Hal ini tidak terjadi di tempat saya, karena by design tidak seperti itu.  Tapi akibatnya banyak "pejabat" yg berasal dari Uni yg memiliki model seperti itu, sering ngeluh.  Istilah mereka "power" sebagai Ketua Jurusan atau dekan tidak ada.

kalau ndak salah, hampir tiap fakultas mengeluh bahwa dana dari
universitas itu kecil bin ndak cukup.

Ini general di mana saja dan siapa saja , di Jerman juga begitu :-))


bahkan, di satu fakultas, masing-masing jurusan bisa memiliki lab
masing-masing (yang juga mengadakan pungutan sendiri-sendiri). dari hari
ke hari, lab-lab tsb. mostly idle ... masing-masing memiliki staf
non-pengajar sendiri-sendiri, menanggung biaya untuk listrik, air
sendiri-sendiri.

Di kampus saya tidak ada hal ini, Lab atau staf-nya adalah "milik kampus" termasuk pembiayaannya. Jadi ini memudahkan utk sharing.  Ndak ada masalah asisten jurusan komputer memberi mateir komputer di jurusan sastra (biaya murah, para asisten senang, terutama yang bujangan)

dimasuki 100 orang sekaligus, tetapi yang berkeliaran cuman 1 atau dua
biji saja :-) rata-rata gedung kuliah untuk ini mentereng dan mahal,
yang akhirnya menjadi justifikasi biaya *pendidikan* yang mahal.

Terus terang, fasilitas pendidikann mentereng lebih memiliki nilai jual ke masyarakat luas, sedangkan fasilitas seperti "dosen", "perpustakaan", dsb tidak memiliki nilai jual.

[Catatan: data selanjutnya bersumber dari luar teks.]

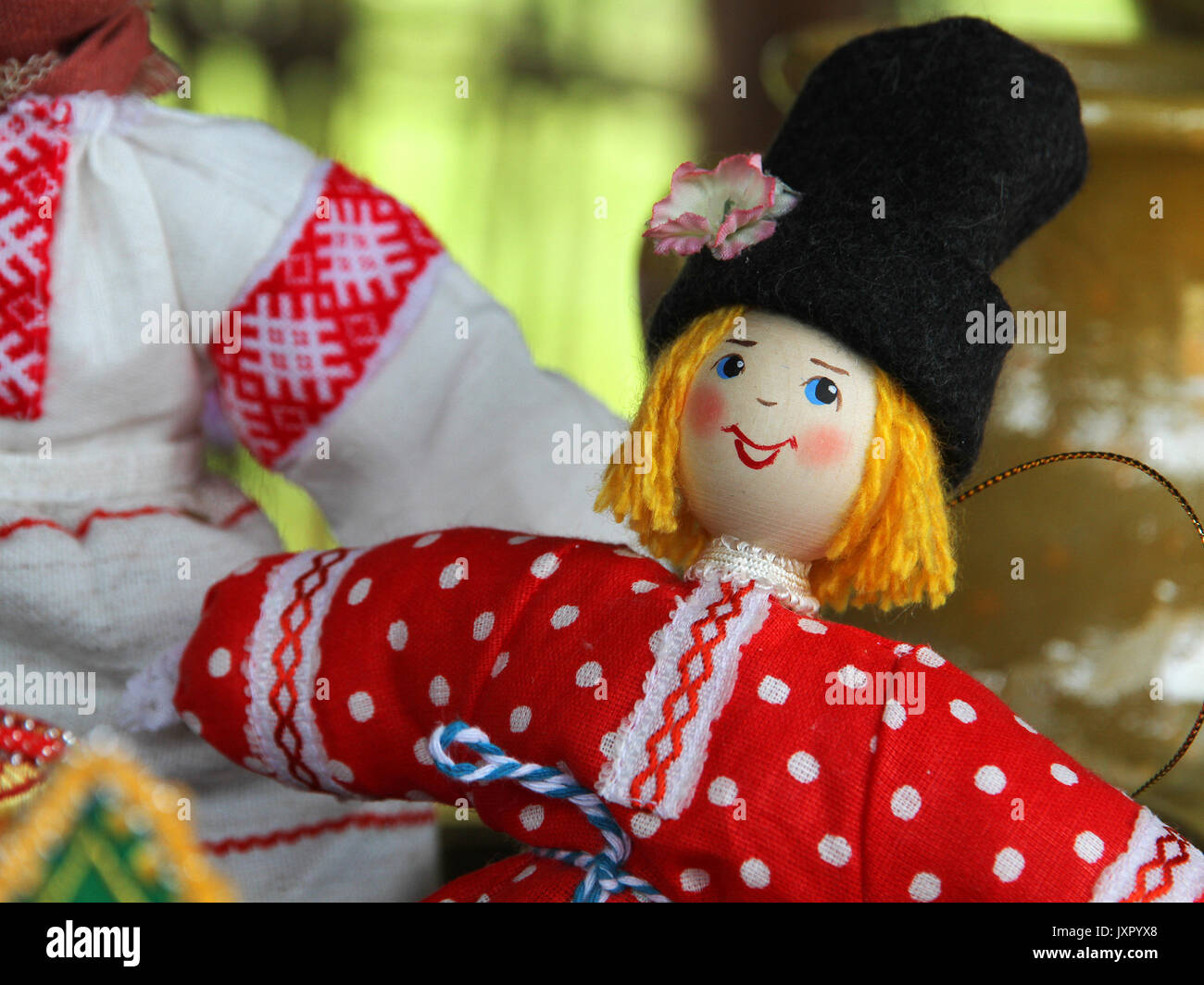 Desk at the flea market: handmade rag doll man, in traditional ethnic russian costume Stock Photo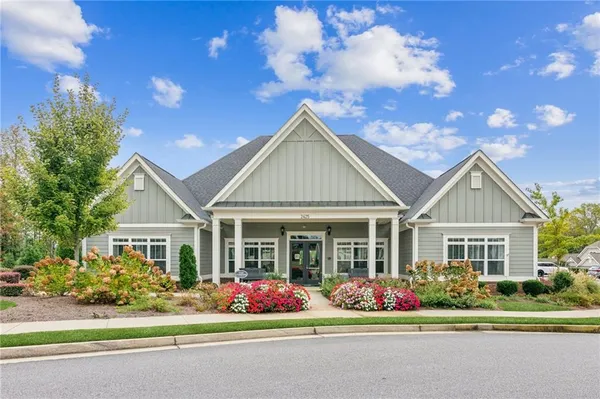 a front view of a house with a garden
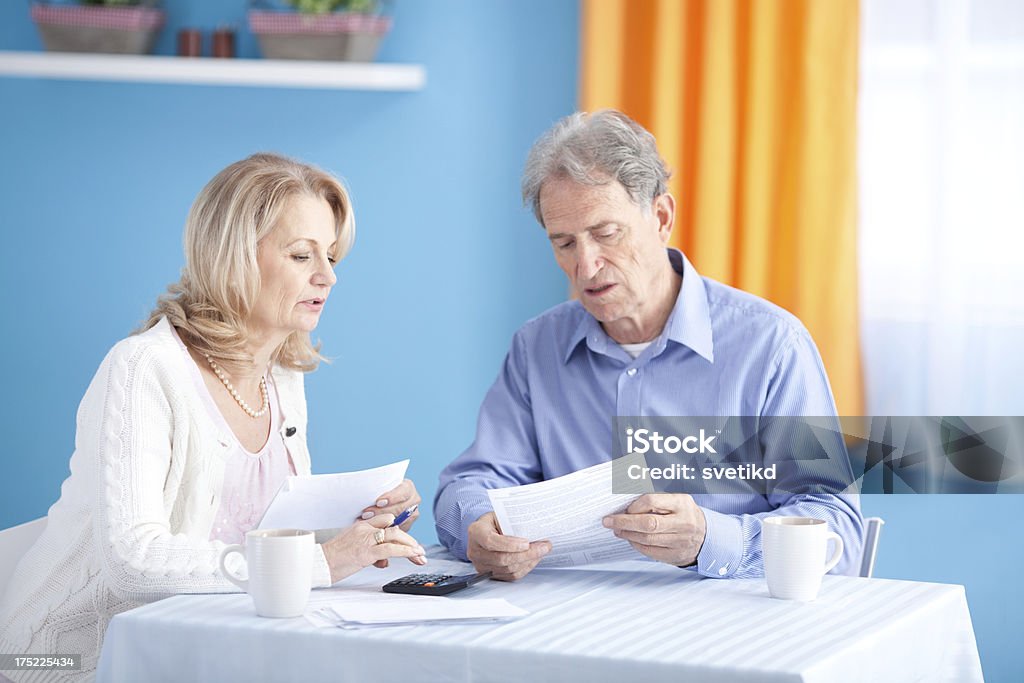 Senior couple with bills. Serious senior couple with bills.See more KITCHEN and LIFESTYLE images with this SENIOR CUOPLE. For lightbox click any image below. 60-64 Years Stock Photo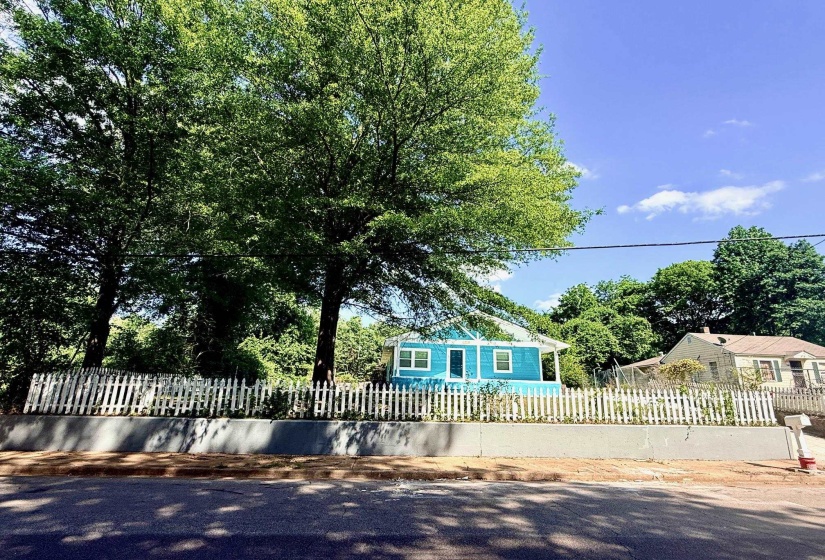 Blue exterior with white trim, featuring a white picket fence and mature trees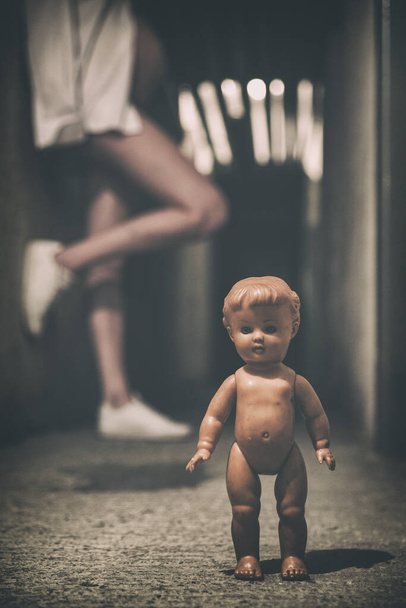 Έγκυος κορίτσι ποζάρουν σε σκοτεινό τούνελ με παλιά τρομακτική κούκλα - Φωτογραφία, εικόνα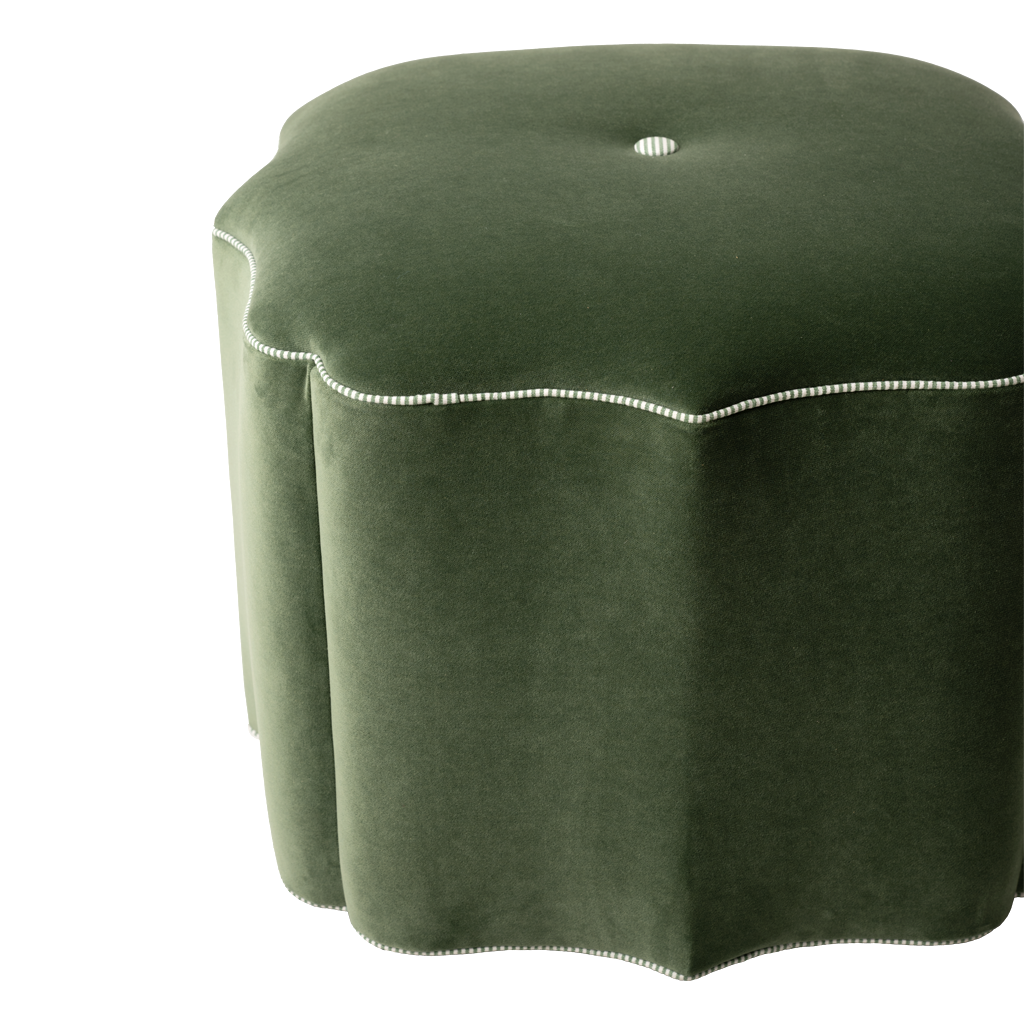 Green upholstered ottoman with green and white trim
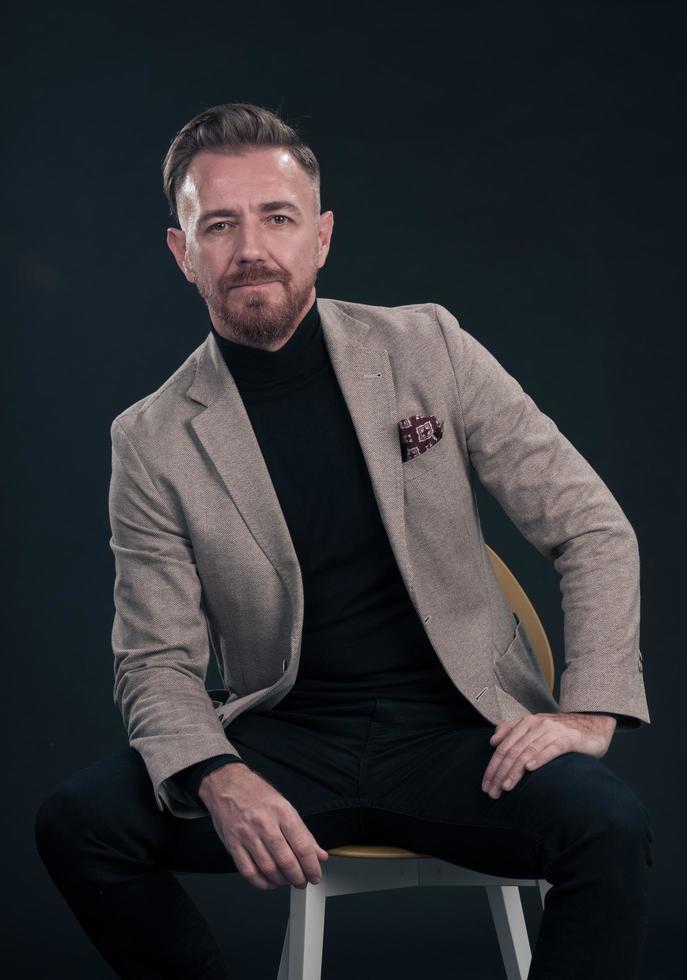 Porträt eines erwachsenen Geschäftsmannes, der einen trendigen Anzug trägt und in einem modernen Studio auf einem stilvollen Stuhl vor dem schwarzen Hintergrund sitzt foto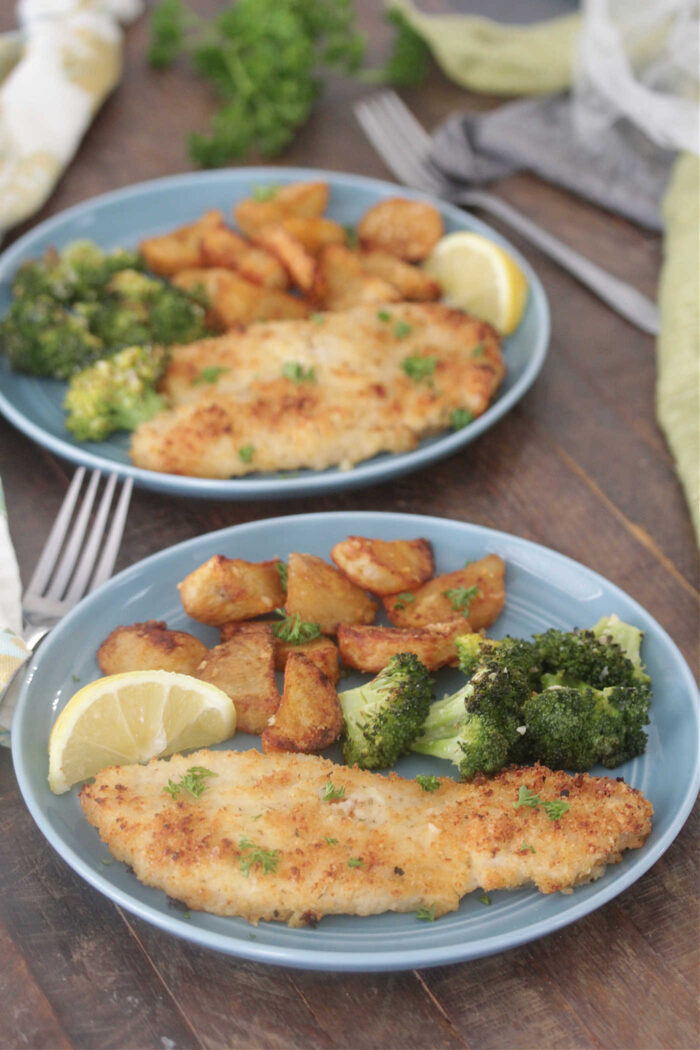 Plates of Sheet Pan Crispy Lemon Chicken with broccoli and potatoes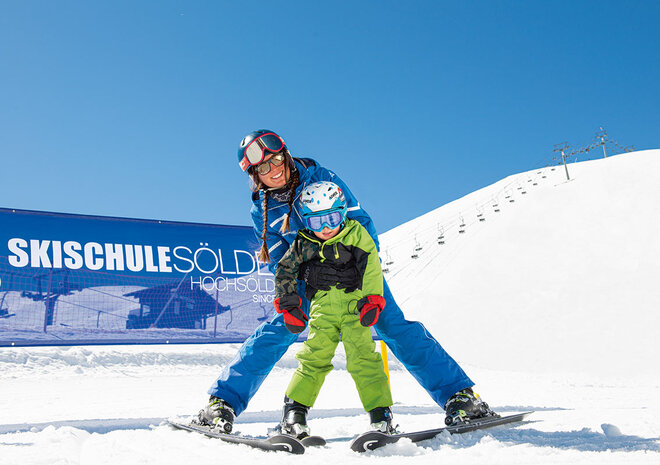 Skilehrer, der einem kleinen Kind auf einer verschneiten Piste unter strahlend blauem Himmel das Skifahren beibringt.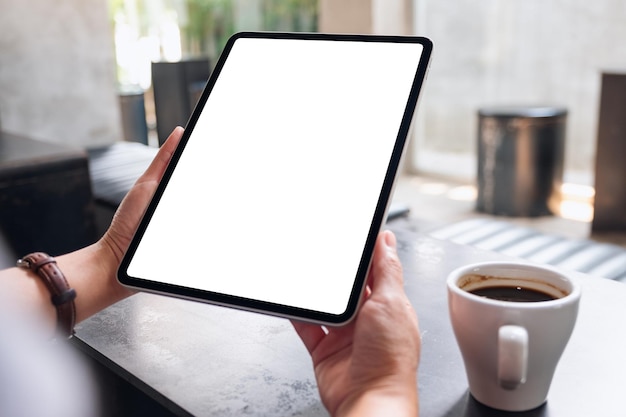 Immagine mockup di una donna in possesso di tablet digitale con schermo desktop bianco vuoto nella caffetteria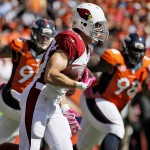 Arizona Cardinals tight end John Carlson runs the ball against the Denver Broncos during the first half of an NFL football game, Sunday, Oct. 5, 2014, in Denver. (AP Photo/Jack Dempsey)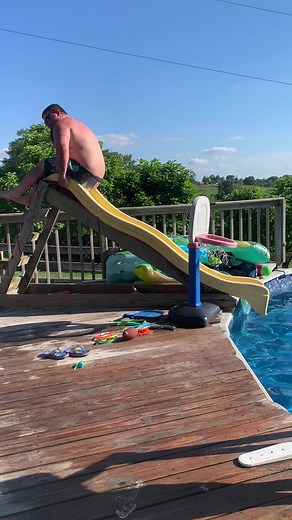 Has he ever seen a slide before? #reels #slide #pool #summer | America's Funniest Home Videos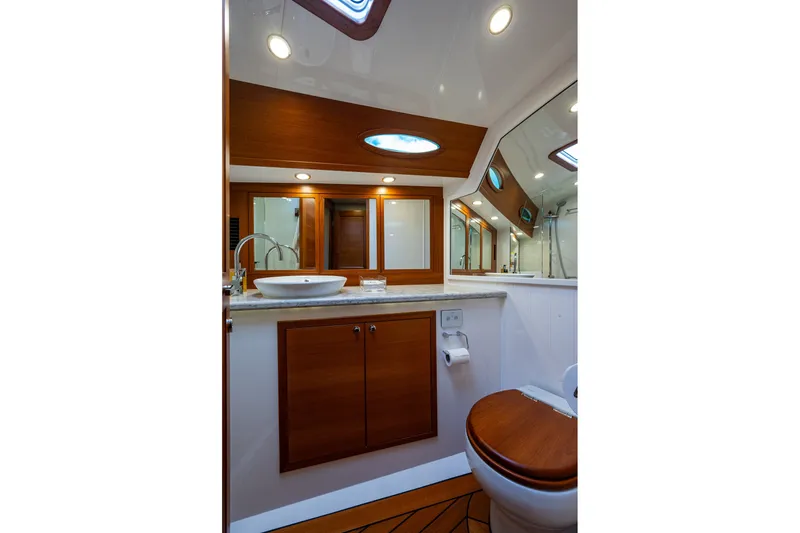 Slide: The Image of Luxurious bathroom interior of 2021 Palm Beach Motor Yachts PB55, featuring wood accents and modern fixtures. - 32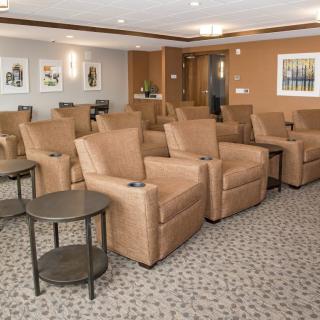 A cozy theater room with rows of beige recliners and side tables, featuring a warm interior design.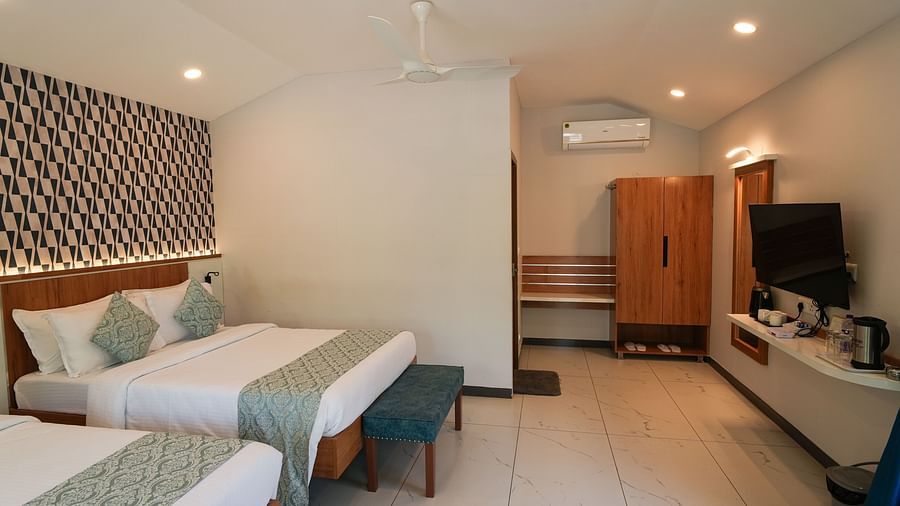 A spacious and bright bedroom with comfortable beds and stylish decor - MGM Whispering Wind's Resorts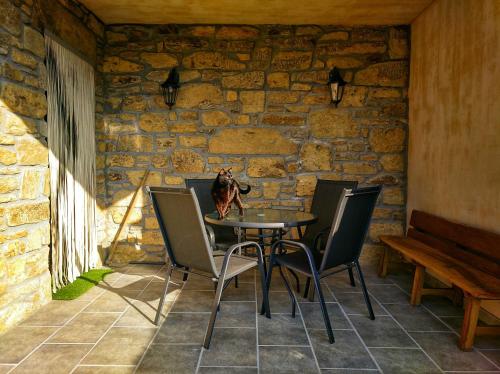 uma mesa e cadeiras num quarto com uma parede de pedra em Casa rural El Gato Negro em Trefacio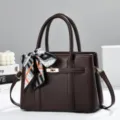 Detailed view of the elegant dark brown handbag with stylish scarf and gold-tone turn-lock hardware. - Coffee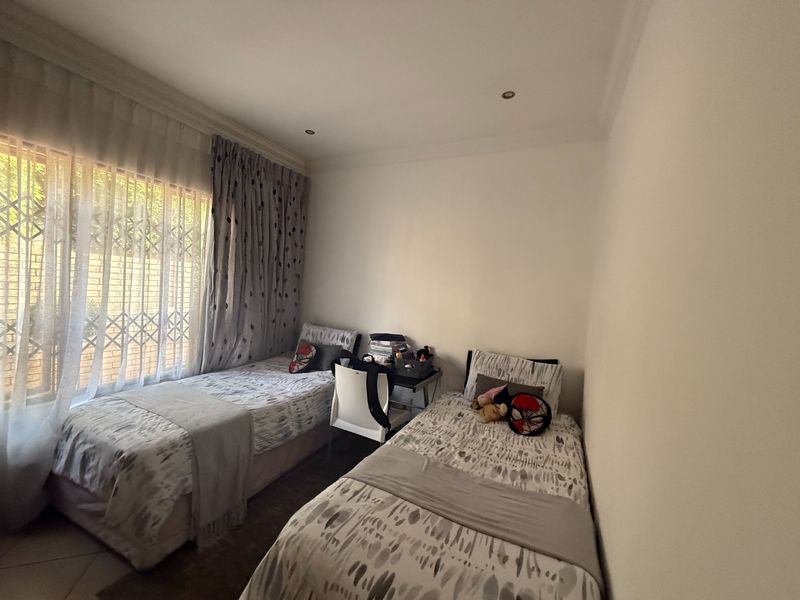 A functional bedroom featuring tiled flooring, recessed downlights, and a window fitted with a security gate and curtain tracks.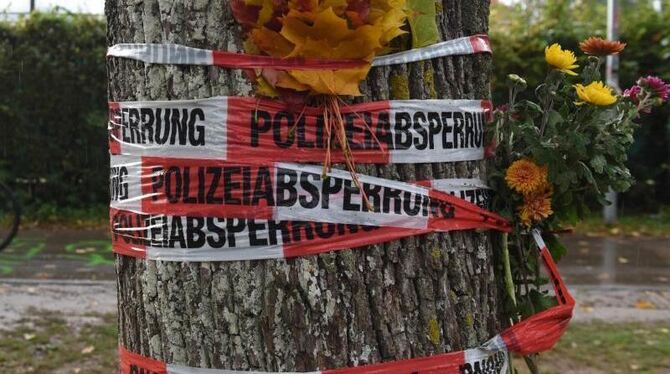Blumen sind mit einem Absperrband der Polizei an einem Baum in Freiburg befestigt. Foto: Patrick Seeger/Archiv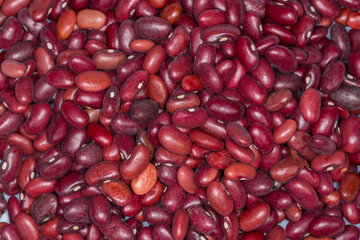 Raw red kidney beans close-up in selective focus, background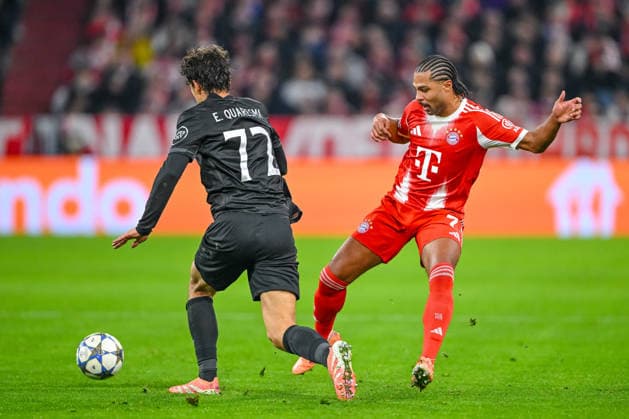 Eduardo Quaresma Sporting CP and Serge Gnabry FC Bayern München battle for the ball during the UEFA Champions League 2025 26 League Phase MD6 match between FC Bayern München and Sporting Clube de Portugal at Football Arena Munich on December 9, 2025 in Munich, Germany Photo by xxx DeFodi Images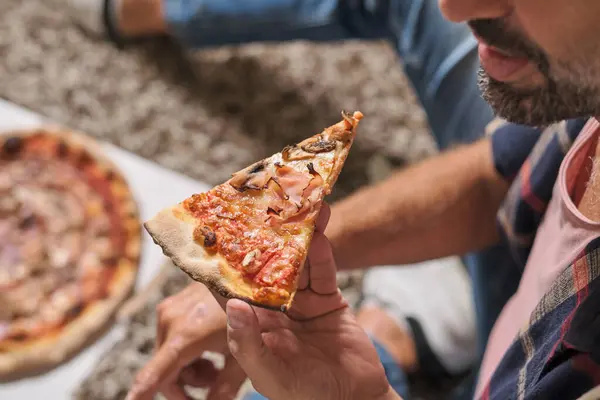 ハムスライスパーティーで美味しいピザを食べる高角度クロップ匿名男性 — ストック写真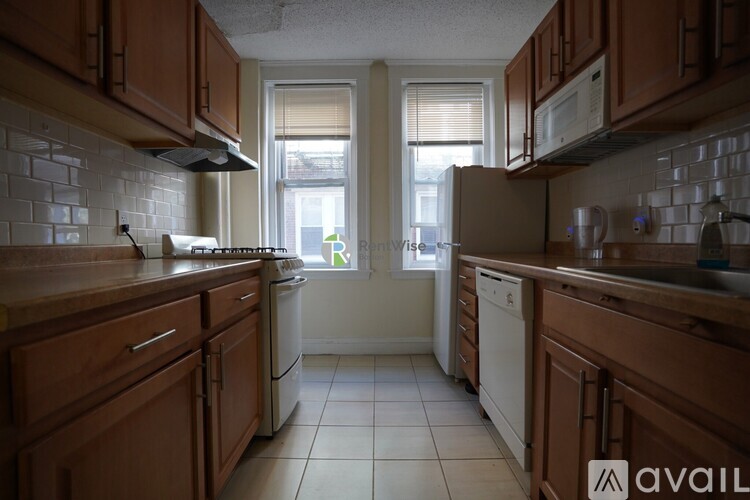 A kitchen with wooden cabinets and white appliances.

Mahasiswa sering protest kalau ruangan tak berAC tapi tak pernah protest (atau sedikit) kalau perpustakaannya tak "berisi"

mestinya, kalau memang biaya pendidikan itu mahal, maka masing-masing
perguruan tinggi secara sukarela mengundang para auditor dari luar untuk
datang memeriksa. ini merupakan hil yang mustahal. padahal hasil audit
dari pihak ketiga ini merupakan salah satu faktor yang menentukan
tingkat akuntabilitasnya.

Kalau PTS karena bersifat yayasan harus melakukan hal itu.  Di tambah lagi, kalau kita menerima bantuan dari luar, maka audit secara terbuka WAJIB dilakukan.  Saya tahu soalnya sekarang rekan-rekan saya lagi proses audit proyek kerjasama tersebut.